First of all, Quebec objects to the project because it believes that the federal government is competing with Quebec's own taxes. Let us be clear. This is a loan guarantee and therefore Quebec taxes or any other province's taxes sent to Ottawa, will not be used to finance a Newfoundland project. Newfoundland is leveraging Canada's economic strength to lower its borrowing costs, but the province will be covering the full cost of the project, if it chooses to go ahead with it.

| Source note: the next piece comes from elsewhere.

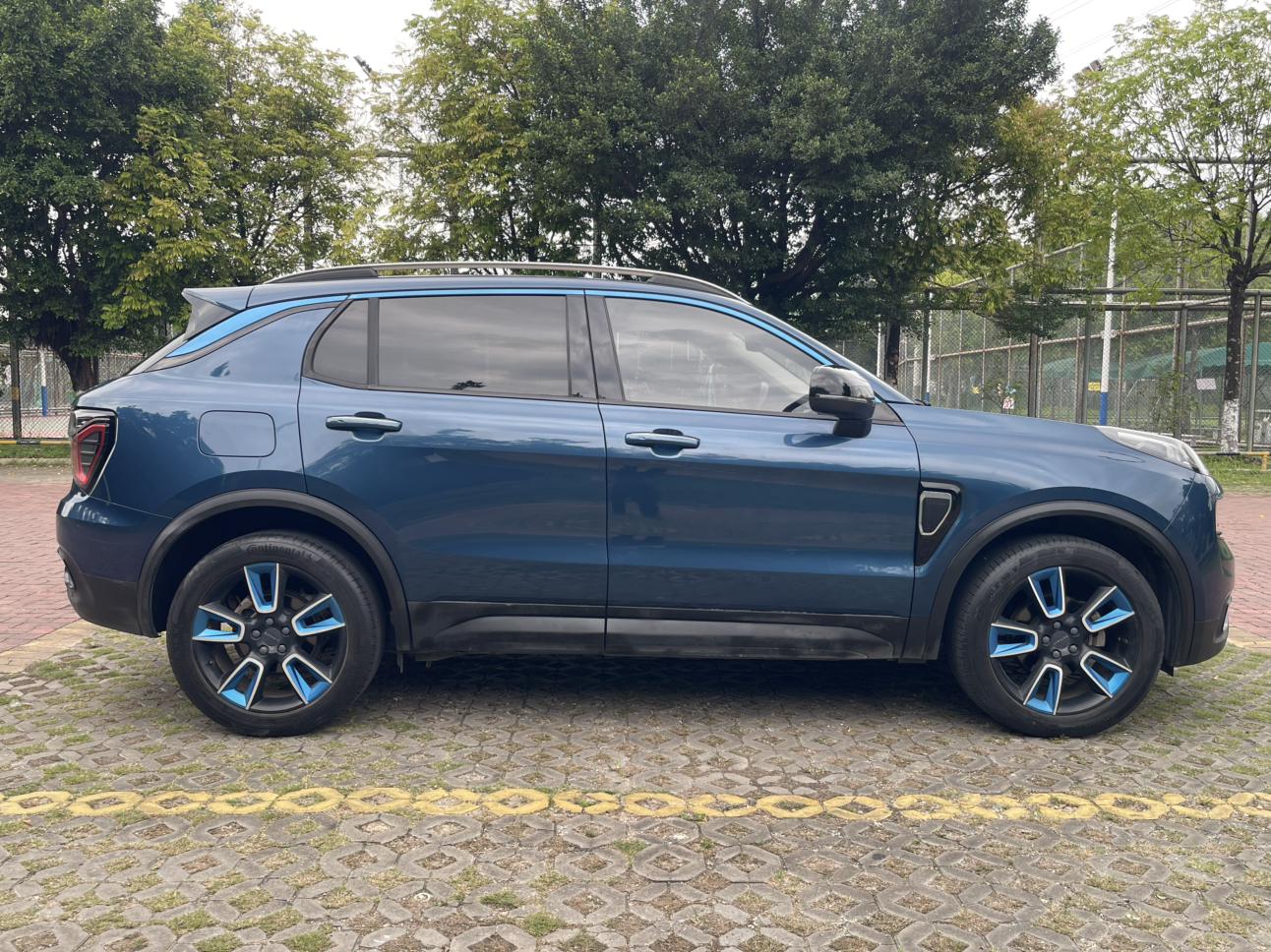 Lynk & Co Lynk & Co 01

The second source of confusion we often heard about has to do with the federal government's interference in provincial jurisdictions. We heard that again this afternoon during question period from our Bloc Québécois friends. I must say, when an application for a loan guarantee comes from the province itself, I would hardly call that interference. I know that comparisons are always clumsy, but this is like the youngest child in a family asking his father to co-sign a car loan, while his older brother, who never thought of asking, accuses the father of being unfair. Furthermore, I would repeat, it is clear that the provincial government will remain the one in charge of the project.

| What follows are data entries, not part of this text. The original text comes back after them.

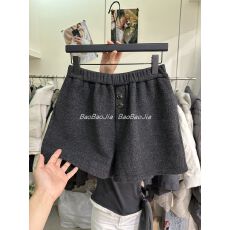 批发糯米复合超柔<b class='q'>大码</b>300斤两粒扣设计保暖<b class='q'>短裤</b>女冬加绒加厚休闲热裤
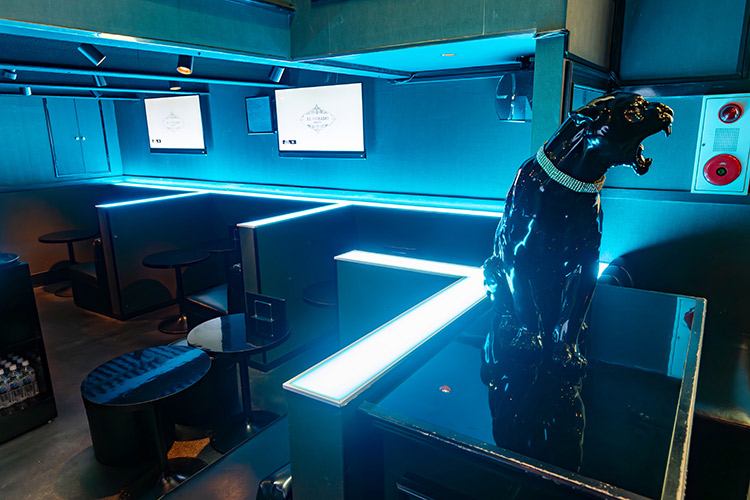 大阪 キタ ELDORADO -umeda- エルドラド ウメダ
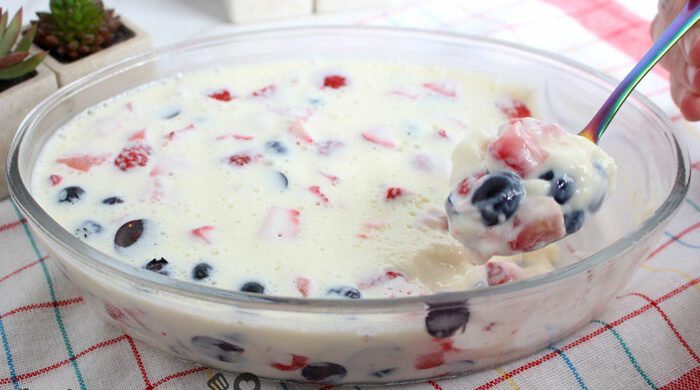 Salada de frutas cremosa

The third source of confusion has to do with unfair competition on foreign markets. If the federal government had directly funded one project at the expense of another, we probably could have been talking about unfair competition.

As long as we ensure that all provinces and territories can obtain the same loan guarantees for green energy projects, I think this is a step in the right direction. Nothing is stopping the other partners in the federation from submitting similar applications, and the NDP will be there to ensure that all of these applications are processed equitably.

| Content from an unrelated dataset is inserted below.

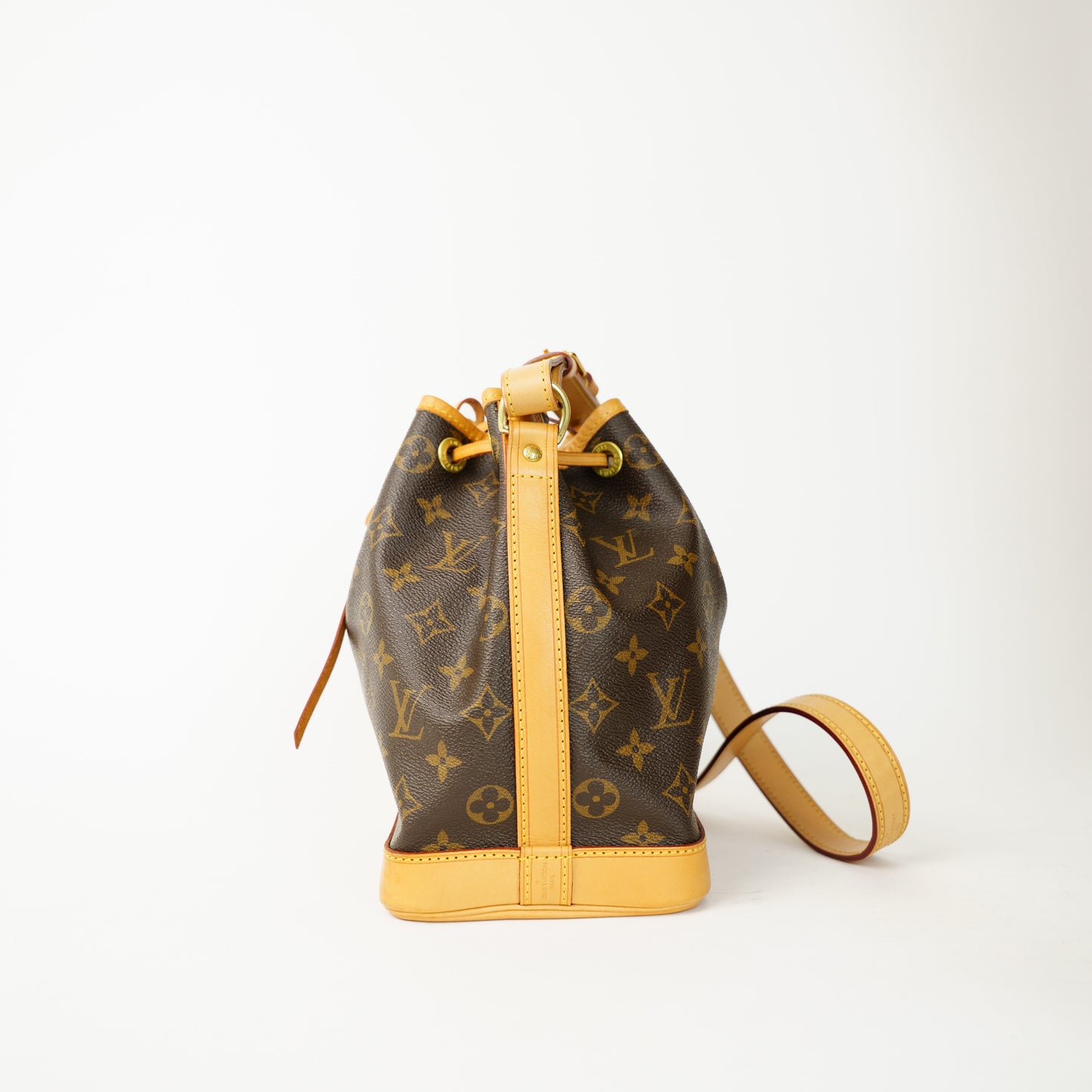 Louis Vuitton Noe BB Bucket Bag Monogram 090626G02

Regarding one final source of confusion, Hydro-Québec appears to be the biggest loser with this agreement. As the expression goes, “what is good for the goose is good for the gander”. Hydro-Québec has every right to apply for the same loan guarantees, and once again, the NDP will be there if any rights are trampled on.

Besides, when it comes to energy development, there is a history of collaboration between the federal government and Hydro-Québec, which we often forget. For example, consider the federal funding provided to help build Gentilly-1 at a time when people strongly believed that developing nuclear energy was a form of green energy despite the radioactive waste produced because thermonuclear plants do not emit any greenhouse gases.

In short, Quebeckers' concerns may have been understandable but I hope that I have shown that they were not justified, especially since the Muskrat Falls project offers the potential for significant economic spinoffs for Quebec. Over the years and through the projects that have been implemented, a solid expertise in hydroelectric infrastructure and distribution networks has been developed in Quebec.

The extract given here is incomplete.